The surgery was scheduled at the earliest opening they had, which wasn’t for another week. He accepted the suggested procedure and scheduled it and hoped that he wouldn’t have another episode while waiting for his appointment. The doctor told him to “take it easy” while he waited.
The surgery went smoothly and it turned out that it was even bigger than they thought. (It was twelve millimeters.) He felt pretty miserable for about a week afterward, but now is back to normal again. We’ll be resuming our Family Adventure Day probably next week.
Whenever I start to get a little grumbly, I can’t help but to switch things up and remember all the things to be grateful for. It’s become my mantra—“Okay, Lonna. Put your perspectacles on.” As annoying as it probably was to Hubby (since he was, after all, the one laying in the hospital bed), I had to remind myself how fortunate we were.
“You know, things could be so much worse,” I said, “I’m so thankful that this is a kidney stone and not a heart attack. I’m thankful that we have worldwide medical insurance; that we had decided to go into the city rather than drive away from it. I’m thankful that our kids are being so amazingly understanding and well-behaved throughout the whole ordeal, even though they’re hungry, and I haven’t been able to find anything they are willing to eat besides bread. Everything is going to be okay,” I said, “We are so blessed.”
He must have been feeling pretty grateful, too, because the day after his surgery, while he was still in the hospital, I got a knock on my door and found a delivery lady who gave me this.

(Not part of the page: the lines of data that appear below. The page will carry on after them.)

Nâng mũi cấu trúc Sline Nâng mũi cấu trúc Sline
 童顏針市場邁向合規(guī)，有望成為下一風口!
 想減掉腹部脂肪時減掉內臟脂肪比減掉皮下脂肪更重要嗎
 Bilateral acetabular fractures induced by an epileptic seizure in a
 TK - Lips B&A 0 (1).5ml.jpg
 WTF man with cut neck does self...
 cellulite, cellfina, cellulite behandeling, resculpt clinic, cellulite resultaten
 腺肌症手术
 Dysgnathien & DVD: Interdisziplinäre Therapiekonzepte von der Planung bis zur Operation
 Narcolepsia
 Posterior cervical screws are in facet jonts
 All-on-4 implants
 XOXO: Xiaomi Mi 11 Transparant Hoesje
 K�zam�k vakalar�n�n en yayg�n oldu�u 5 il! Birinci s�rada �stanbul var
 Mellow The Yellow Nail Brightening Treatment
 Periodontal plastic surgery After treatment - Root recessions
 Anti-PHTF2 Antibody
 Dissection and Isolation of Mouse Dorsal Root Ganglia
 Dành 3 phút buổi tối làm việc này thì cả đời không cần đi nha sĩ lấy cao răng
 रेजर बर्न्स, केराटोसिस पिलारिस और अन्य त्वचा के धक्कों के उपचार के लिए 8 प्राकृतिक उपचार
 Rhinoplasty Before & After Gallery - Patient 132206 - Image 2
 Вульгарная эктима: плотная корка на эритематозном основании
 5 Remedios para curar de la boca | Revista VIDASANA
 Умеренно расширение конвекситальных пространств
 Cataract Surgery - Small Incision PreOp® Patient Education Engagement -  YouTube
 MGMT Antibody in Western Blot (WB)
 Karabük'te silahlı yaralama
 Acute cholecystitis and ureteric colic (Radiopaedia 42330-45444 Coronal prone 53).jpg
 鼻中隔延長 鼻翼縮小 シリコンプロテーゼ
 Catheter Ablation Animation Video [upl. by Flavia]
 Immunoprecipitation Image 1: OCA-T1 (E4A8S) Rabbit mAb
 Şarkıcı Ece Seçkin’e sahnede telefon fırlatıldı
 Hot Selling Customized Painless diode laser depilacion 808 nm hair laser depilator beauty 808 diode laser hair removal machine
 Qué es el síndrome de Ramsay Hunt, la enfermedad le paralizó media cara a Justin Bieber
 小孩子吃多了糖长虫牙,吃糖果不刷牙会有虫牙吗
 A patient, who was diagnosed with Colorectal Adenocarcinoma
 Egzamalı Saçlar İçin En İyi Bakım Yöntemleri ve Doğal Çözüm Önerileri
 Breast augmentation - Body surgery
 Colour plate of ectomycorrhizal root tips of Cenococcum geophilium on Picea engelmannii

Yes, that’s right. My hubby was sick in the hospital and he sent flowers to me. Seems a little backwards, I know, but that’s just the kind of man I have.
And when all was said and done, it was kind of comical listening to the kids give their rendition of everything that happened. The next time we skyped with Mamaw and Papa, Daughter told the story about how, “Daddy had a kidney bean . . . or rock . . . or whatever.”
It’s nice to be able to smile about the whole thing when it’s finished.
What about you? What are your strategies and suggestions on how to be ready for a medical emergencies?